Scraped caption text data
Segment Open

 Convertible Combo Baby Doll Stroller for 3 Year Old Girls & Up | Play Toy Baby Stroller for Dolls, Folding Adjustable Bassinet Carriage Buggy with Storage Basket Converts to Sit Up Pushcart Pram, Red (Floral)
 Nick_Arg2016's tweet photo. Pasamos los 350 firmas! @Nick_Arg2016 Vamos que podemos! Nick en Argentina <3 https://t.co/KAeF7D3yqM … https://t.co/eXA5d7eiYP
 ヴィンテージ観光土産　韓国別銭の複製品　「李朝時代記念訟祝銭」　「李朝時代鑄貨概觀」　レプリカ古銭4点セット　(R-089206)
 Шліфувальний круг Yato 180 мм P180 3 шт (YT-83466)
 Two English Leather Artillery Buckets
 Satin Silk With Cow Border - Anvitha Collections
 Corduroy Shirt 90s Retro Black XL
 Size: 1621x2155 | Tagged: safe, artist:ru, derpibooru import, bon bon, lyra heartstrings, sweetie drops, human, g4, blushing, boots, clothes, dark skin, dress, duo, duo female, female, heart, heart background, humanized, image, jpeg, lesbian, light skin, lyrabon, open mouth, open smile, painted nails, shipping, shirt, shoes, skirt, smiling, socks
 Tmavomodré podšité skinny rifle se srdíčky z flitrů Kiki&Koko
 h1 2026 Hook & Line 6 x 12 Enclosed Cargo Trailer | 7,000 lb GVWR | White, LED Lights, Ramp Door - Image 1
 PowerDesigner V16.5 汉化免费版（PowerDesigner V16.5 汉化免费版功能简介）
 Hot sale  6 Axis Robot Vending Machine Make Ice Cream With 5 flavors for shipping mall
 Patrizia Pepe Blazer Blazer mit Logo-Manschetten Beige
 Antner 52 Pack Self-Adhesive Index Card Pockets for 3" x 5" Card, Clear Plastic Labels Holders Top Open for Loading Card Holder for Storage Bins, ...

Segment Closed

(WHAT TO PRODUCE):
Based on the records above, how many lines hold the string "shipping"? Answer with the number by itself.

(ANSWER TO THIS TASK):
2